The trend of state politicians giving the green light to casino developers – in hopes of making a dent in their budget deficits without raising taxes – is showing no sign of slowing down.
Voters in the state of Massachusetts have decided to go along with the planned construction of three new casinos there. The ballot measure – which would have repealed the 2011 law that gave the green light to the new properties – saw 60% of mid-term election voters choose “No.”
The MGM and Wynn companies were awarded the licenses at a cost of $85 million apiece and can now definitively move forward with their plans for development of the new properties. They will be located in the townships of Springfield and Everett (a suburb of Boston), respectively.
Both projects are projected to be completed sometime in 2017. Once operational, they will each pay state tax at a rate of 25%.
A third license will be awarded in January, 2015. The bidding process had been scheduled to finish up on December 1 of this year, but was pushed back pending the result of the referendum.
Opposition to the Project Easily Overcome
The construction of the new casinos had been opposed by a coalition of community activists.

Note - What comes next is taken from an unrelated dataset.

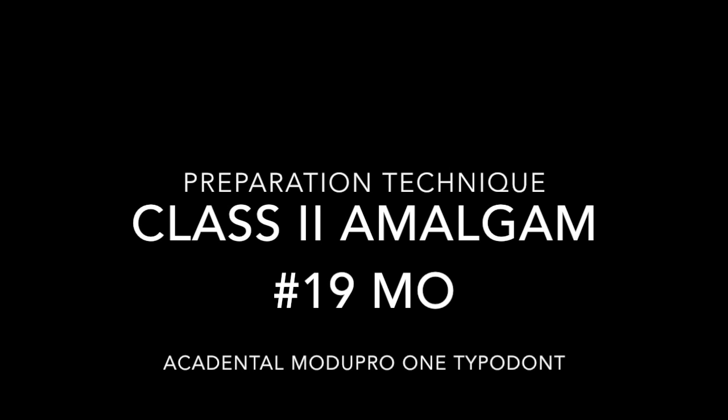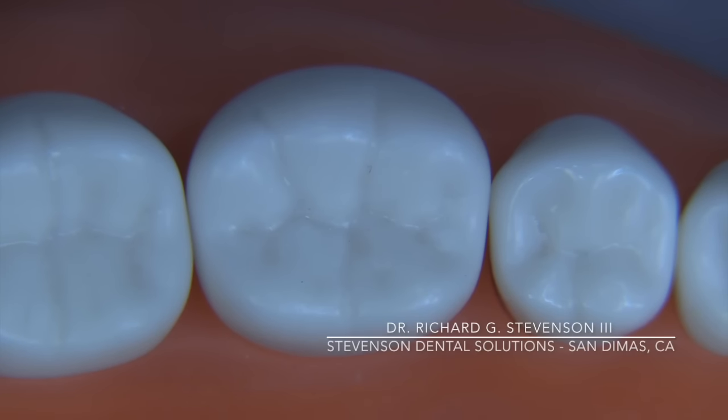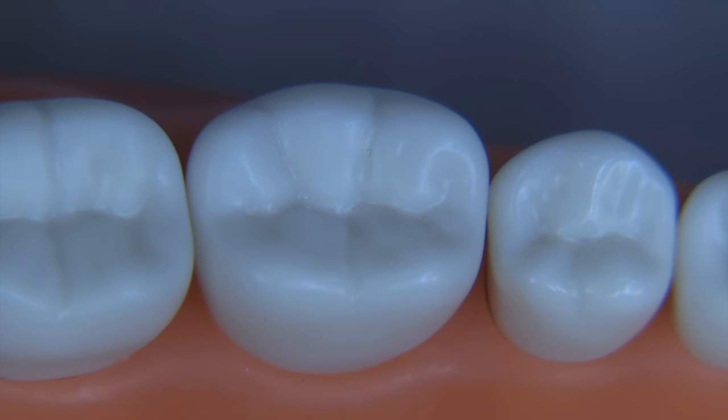Hi everybody, today we're going to do the class 2 amalgam on tooth number 19. I'm Dr. Richard Stevenson, director of Stevenson Dental Solutions in San Dimas, California, and today we're going to use the Accadental typodont, the Model Pro 1. It's a great typodont and I thought it'd be nice to do a prep on this tooth.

State politicians as high in the pecking order as Attorney General Martha Coakley were very strongly behind the measure. It took a judicial order from the court system being issued in June to get the measure onto the ballot and give citizens of the state the opportunity to vote up or down.
The result of the vote should come as no surprise, however. It is indicative of a slew of recent victories for the casino industry in their efforts to branch out into new markets that had up until now been largely untapped for development.
What is interesting to note about this trend, however, is that many observers question its efficacy not only for state residents but for the casinos themselves as well.
Over-saturation of the Market
In a very insightful piece done for the New York Times, Josh Barro points out that the mid-term elections saw no less than eight states vote on questions affecting the gaming industry. This included traditionally conservative states such as Kansas, South Carolina, and Tennessee.
Paradoxically, this increase in gaming offerings is coming at the same time that revenue in the casino industry is actually in decline all over the nation.
The reason for this is, of course, the potential tax revenue that gaming brings with it, but with a slight twist.
While it is certainly true that there were no casinos physically present within Massachusetts’ borders prior to now, it’s all but certain that the “market” for casino patrons was already being serviced by other states.
Barro points out that support for expanded gaming is most acute in the northeast, where the potential for states to “miss out” as citizens cross borders to spend their entertainment dollars elsewhere is high. However, in the west of the country, where distances are long and state borders far, there remains broad and consistent opposition to the expansion of gaming.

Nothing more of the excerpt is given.